Supplied data>
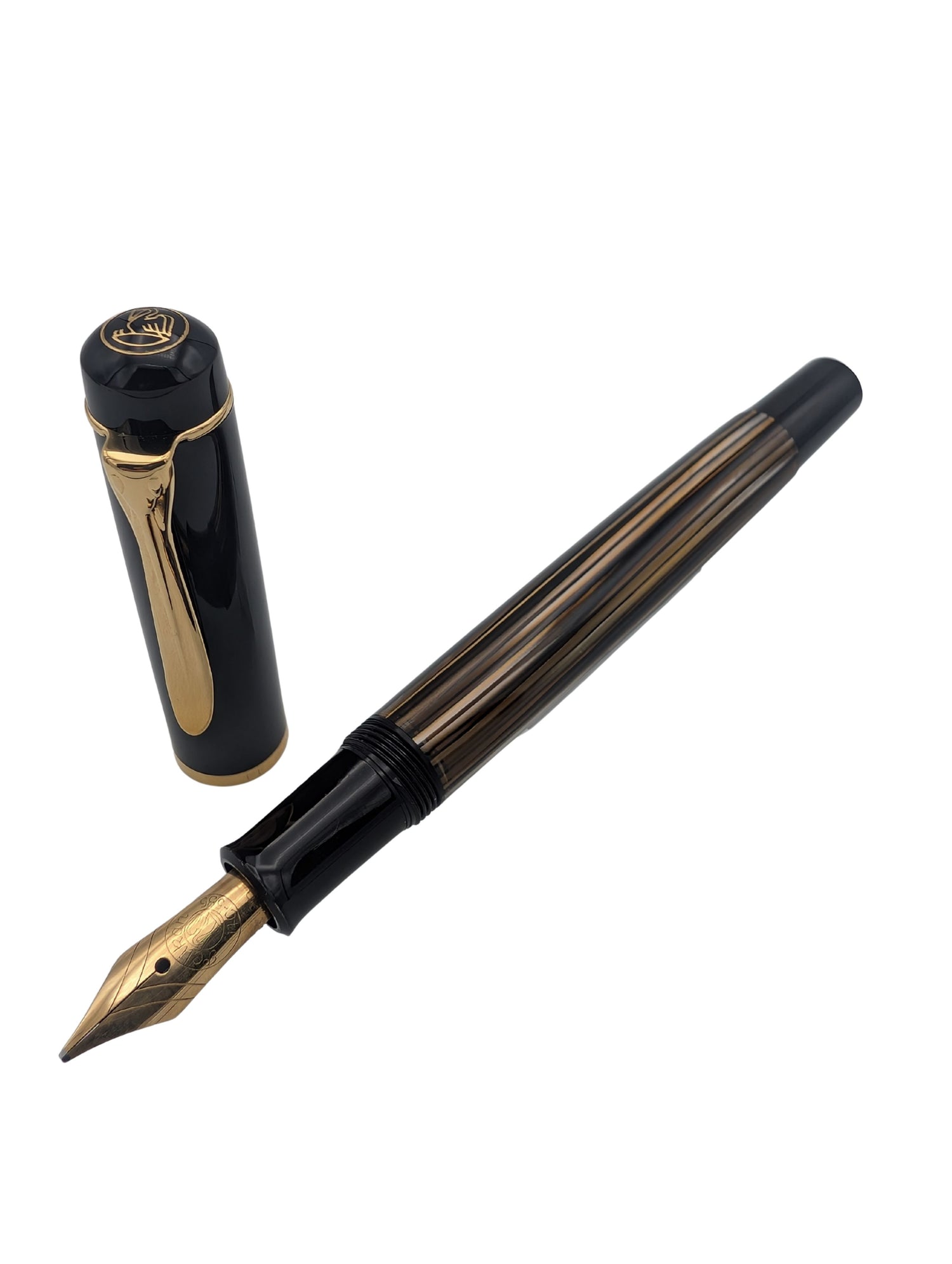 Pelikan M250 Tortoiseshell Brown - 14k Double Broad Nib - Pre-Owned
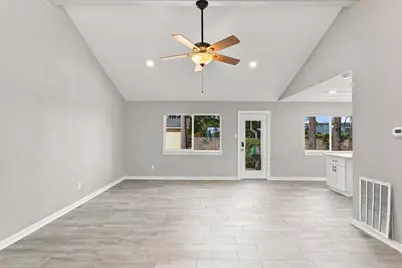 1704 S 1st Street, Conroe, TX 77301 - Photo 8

...

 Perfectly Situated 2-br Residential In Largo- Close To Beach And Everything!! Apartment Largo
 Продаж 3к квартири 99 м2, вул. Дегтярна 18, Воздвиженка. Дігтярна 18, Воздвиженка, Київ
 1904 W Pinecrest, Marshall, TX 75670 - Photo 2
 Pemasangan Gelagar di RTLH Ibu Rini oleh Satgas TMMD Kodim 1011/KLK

The problem> What you return must match, character for character, the lines above from the one with "Pelikan M250 Tortoiseshell" through the one with "1704 S 1st Street, Conroe, TX", minus any pictures.

Task output>
 Pelikan M250 Tortoiseshell Brown - 14k Double Broad Nib - Pre-Owned
 1704 S 1st Street, Conroe, TX 77301 - Photo 8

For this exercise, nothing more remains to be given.